Brief descriptive captions:
- Opening Delimiter -
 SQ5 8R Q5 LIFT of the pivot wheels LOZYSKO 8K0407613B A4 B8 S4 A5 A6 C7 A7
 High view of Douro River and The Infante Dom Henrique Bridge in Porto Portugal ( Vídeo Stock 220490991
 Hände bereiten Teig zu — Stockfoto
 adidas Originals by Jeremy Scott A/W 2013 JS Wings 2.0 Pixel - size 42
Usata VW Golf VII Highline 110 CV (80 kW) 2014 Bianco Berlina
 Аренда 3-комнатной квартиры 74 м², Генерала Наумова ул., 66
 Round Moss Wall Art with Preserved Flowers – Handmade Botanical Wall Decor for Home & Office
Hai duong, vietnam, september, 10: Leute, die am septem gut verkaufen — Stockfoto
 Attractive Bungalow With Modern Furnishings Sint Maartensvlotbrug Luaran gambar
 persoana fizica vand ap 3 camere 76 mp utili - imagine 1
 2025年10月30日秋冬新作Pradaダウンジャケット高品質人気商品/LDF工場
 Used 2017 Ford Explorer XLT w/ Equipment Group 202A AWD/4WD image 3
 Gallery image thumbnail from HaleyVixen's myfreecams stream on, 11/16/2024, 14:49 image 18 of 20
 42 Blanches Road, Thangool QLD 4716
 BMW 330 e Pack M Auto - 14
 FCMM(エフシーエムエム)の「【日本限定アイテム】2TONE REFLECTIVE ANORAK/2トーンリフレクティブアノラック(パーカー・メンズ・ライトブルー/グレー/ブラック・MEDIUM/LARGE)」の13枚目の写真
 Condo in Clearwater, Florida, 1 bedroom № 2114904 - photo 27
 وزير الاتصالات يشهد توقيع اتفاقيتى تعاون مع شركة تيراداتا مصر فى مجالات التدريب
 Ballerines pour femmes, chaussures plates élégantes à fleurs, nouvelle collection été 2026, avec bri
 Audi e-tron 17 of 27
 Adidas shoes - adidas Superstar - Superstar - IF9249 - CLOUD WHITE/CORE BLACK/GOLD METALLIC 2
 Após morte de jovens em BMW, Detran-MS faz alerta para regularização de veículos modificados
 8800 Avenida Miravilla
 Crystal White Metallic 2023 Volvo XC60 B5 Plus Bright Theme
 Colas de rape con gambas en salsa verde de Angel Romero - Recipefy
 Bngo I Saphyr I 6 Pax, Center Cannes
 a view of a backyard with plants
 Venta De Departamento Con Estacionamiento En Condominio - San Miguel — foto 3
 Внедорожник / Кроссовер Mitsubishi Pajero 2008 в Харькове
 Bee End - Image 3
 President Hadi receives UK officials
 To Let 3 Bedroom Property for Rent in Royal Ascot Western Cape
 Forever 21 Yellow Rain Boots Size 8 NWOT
- Closing Delimiter -
** Work request **
Return only the part of the records above that opens with the line containing "Hände bereiten Teig zu — Stockfoto" and closes with the line containing "2025年10月30日秋冬新", ends included.

** Output for this task **
 Hände bereiten Teig zu — Stockfoto
 adidas Originals by Jeremy Scott A/W 2013 JS Wings 2.0 Pixel - size 42
Usata VW Golf VII Highline 110 CV (80 kW) 2014 Bianco Berlina
 Аренда 3-комнатной квартиры 74 м², Генерала Наумова ул., 66
 Round Moss Wall Art with Preserved Flowers – Handmade Botanical Wall Decor for Home & Office
Hai duong, vietnam, september, 10: Leute, die am septem gut verkaufen — Stockfoto
 Attractive Bungalow With Modern Furnishings Sint Maartensvlotbrug Luaran gambar
 persoana fizica vand ap 3 camere 76 mp utili - imagine 1
 2025年10月30日秋冬新作Pradaダウンジャケット高品質人気商品/LDF工場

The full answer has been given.